Algorithms and Modelling for Particle Therapy Verification and Theranostics
In particle therapy, beams of energetic protons or certain ions are used to irradiate tumors or other types of diseased tissue. The interaction of therapeutic particle beams in matter is characterized by a very well-defined range, a high-dose deposition localized in a small region (the Bragg peak), and a steep dose gradient at the distal edge of the Bragg peak. These features imply that possible uncertainties in the determination of the particle range might have severe consequences, such as tumor under-dosage, or the irradiation of healthy tissue. Therefore, safety margins are applied to ensure full treatment of the tumor.
These safety margins could be reduced if the actual dose deposition is quantified with high precision. For this purpose, verification methods aimed to determine the range of the particle beam are under investigation worldwide. Most of these methods are based on the detection of secondary radiation. For example, positron emitting nuclei are created along the beam path; their decay and subsequent annihilation of the emitted positrons give rise to two annihilation photons, which can be detected using similar technology as in Positron Emission Tomography (PET). Another important effect is the excitation of nuclei along the particle path; these nuclei return to their ground state by emitting single gamma rays. Due to the very short half-life of these excited states, these gamma rays are also called prompt gamma radiation.

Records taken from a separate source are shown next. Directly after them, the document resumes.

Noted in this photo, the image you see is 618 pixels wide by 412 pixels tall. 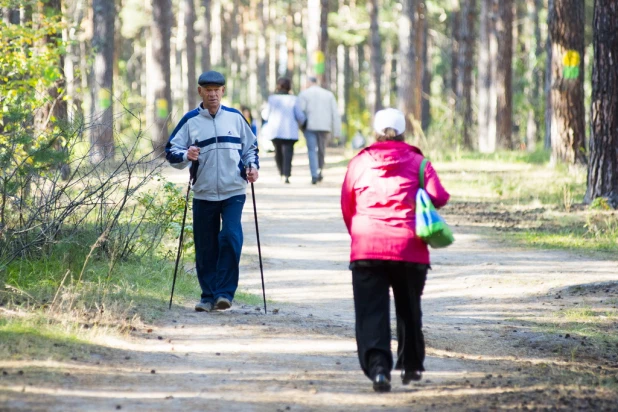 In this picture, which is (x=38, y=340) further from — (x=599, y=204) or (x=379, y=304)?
(x=599, y=204)

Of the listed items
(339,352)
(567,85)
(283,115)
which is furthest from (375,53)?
(339,352)

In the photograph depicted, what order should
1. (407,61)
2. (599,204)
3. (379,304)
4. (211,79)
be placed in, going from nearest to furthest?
(379,304) → (211,79) → (599,204) → (407,61)

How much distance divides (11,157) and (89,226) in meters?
1.14

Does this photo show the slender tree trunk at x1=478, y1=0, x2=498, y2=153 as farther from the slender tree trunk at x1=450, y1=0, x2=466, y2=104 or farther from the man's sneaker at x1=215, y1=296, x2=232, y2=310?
the man's sneaker at x1=215, y1=296, x2=232, y2=310

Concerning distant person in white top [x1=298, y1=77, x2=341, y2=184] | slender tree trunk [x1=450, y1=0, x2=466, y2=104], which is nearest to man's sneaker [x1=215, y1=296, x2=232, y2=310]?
distant person in white top [x1=298, y1=77, x2=341, y2=184]

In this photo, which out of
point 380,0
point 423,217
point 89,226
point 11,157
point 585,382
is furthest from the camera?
point 380,0

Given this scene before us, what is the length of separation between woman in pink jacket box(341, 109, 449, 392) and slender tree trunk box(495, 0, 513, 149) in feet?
79.5

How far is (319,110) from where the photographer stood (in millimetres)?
18594

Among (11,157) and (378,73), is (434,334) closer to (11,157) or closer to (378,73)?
(11,157)

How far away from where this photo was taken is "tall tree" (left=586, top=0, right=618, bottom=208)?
581 inches

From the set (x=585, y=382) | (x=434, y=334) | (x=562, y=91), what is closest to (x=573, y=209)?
(x=562, y=91)

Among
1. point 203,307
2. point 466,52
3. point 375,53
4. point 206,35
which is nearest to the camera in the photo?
point 203,307

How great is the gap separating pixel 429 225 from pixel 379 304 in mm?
579

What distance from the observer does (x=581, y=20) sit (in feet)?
65.0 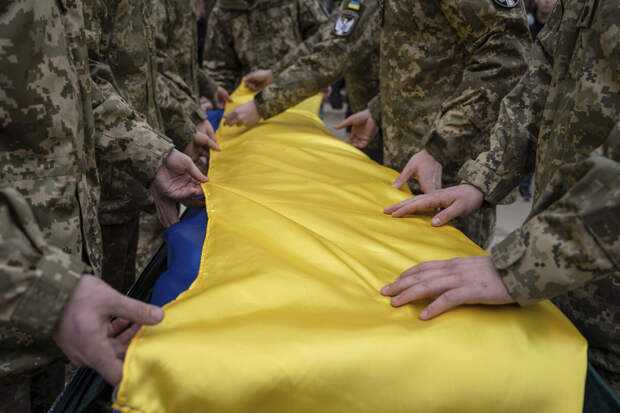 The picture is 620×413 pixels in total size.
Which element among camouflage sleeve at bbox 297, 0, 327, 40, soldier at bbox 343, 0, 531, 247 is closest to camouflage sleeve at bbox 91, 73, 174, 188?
soldier at bbox 343, 0, 531, 247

Our research activities focus on image reconstruction for particle range verification, mainly tomographic Prompt Gamma Imaging (PGI) using Compton cameras, but also in-beam PET. To that end, we employ our in-house implementations of the Maximum-Likelihood Expectation-Maximization (ML-EM) and statistical Origin-Ensemble (OE) algorithms, as well as Bayesian reconstruction approaches. Furthermore, we are investigating novel reconstruction techniques based on Prompt Gamma Timing (PGT) measurements to indirectly determine the particle range and other physical quantities like the stopping power.
Grants
- The project is financially supported by the German Research Foundation (DFG) under grant agreements COMMA no. 383681334 and PROSIT no. 516587313.
- The project is supported by the North German Supercomputing Alliance (Norddeutscher Verbund für Hoch- und Höchstleistungsrechnen – HLRN), project no.shp00028.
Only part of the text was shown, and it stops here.